On top of having lower graduation rates than many other developed nations, American students score lower on math, science and reading exams than the top international standards.
According to the Program for International Student Assessment, Finland has the best educational system in the world. Once ravaged nations like Japan, South Korea and China have made huge progress in the past several decades. Even former Soviet bloc nations, led by Poland, have seen major improvements over short periods. Meanwhile, the U.S. has be mired in mediocrity.
Andreas Schleicher of the Organization for Economic Cooperation and Development believes that if the U.S. were able to match the fever pitch success of Poland it could “translate into a long-term economic value of over $40 trillion.”

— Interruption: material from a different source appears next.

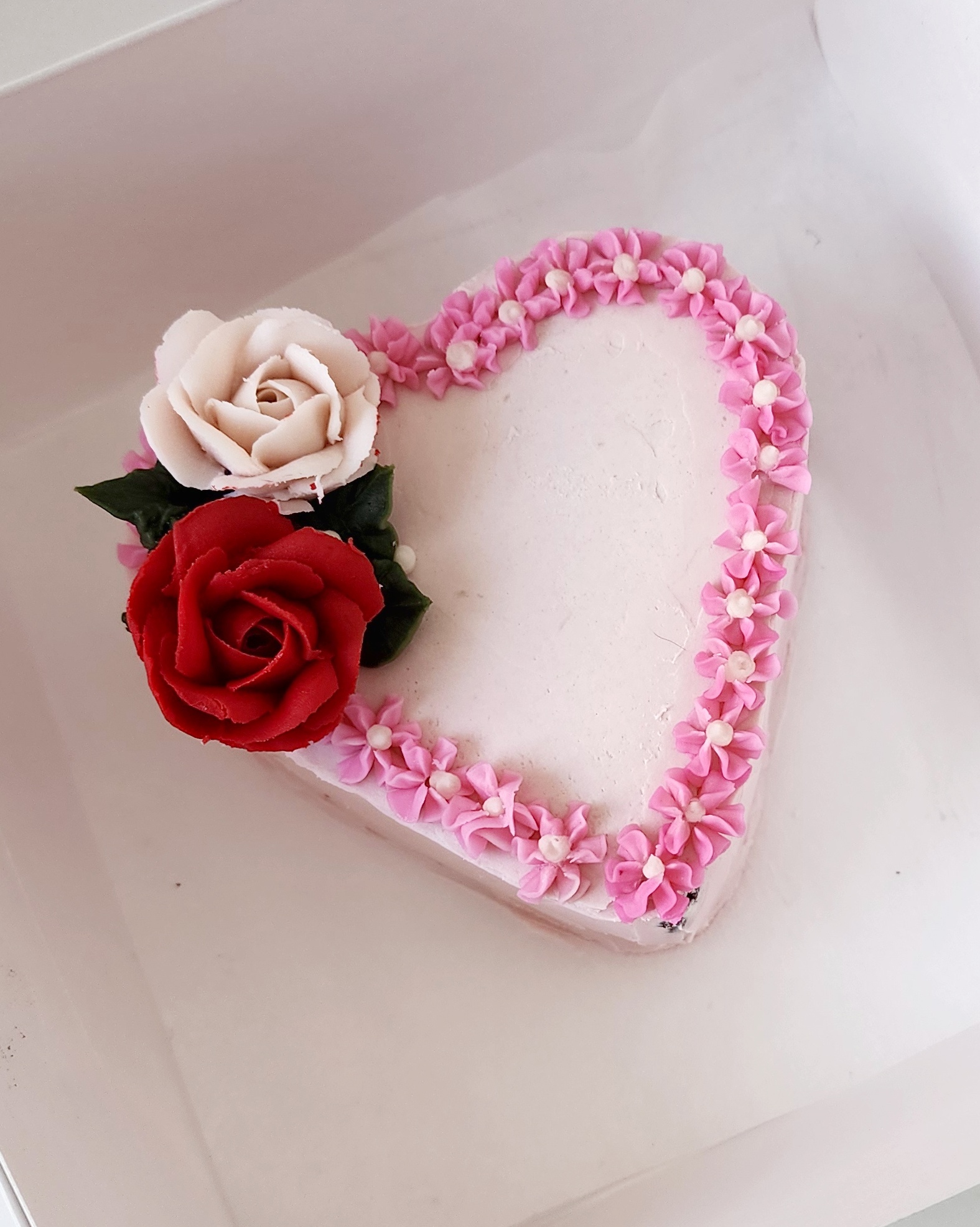 Floral Buttercream Mini Heart Cake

Such a vast sum, $40 trillion, is nearly four times the value of the entire American economy. With proper educational investments, the United States could essentially guarantee that it would never again fall into a state of economic deterioration and near collapse.
Robert Reich, the former Secretary of Labor under President Clinton, believes that we must take a stance on America’s educational future. In the last two years the United States government signed away more than one trillion dollars to ensure that banks and financial institutions didn’t have to face the consequences of their bad bets.
We were quick to rescue Wall Street from itself, but we have taken no action to stop the bleeding in education. Most education in the United States is state-run, and it is therefore part of the state budget. With 49 of the 50 states now running deficits, deep cuts are being made into basic budgets for music, art, gym, language and afterschool programs.
With the $700 billion bailout alone the federal government could have easily funded all state education budgets several times over. Instead, it sits by and watches as schools cut back to 4-day school weeks, lay off thousands of teachers, and wipe out basic programs meant to keep students happy and healthy.
The bailout may, or may not, have saved us from an immediate crisis of epic proportions. But what are we supposed to tell our children decades from now when they see that they have been surpassed by students everywhere else on the globe. Students today become workers tomorrow, and American students aren’t measuring up.
We let the problems inherent in health care, finance and the government’s own budget linger for more than a decade without ever addressing them. We cannot afford to do the same with the one area, education, which truly is the backbone of our entire nation.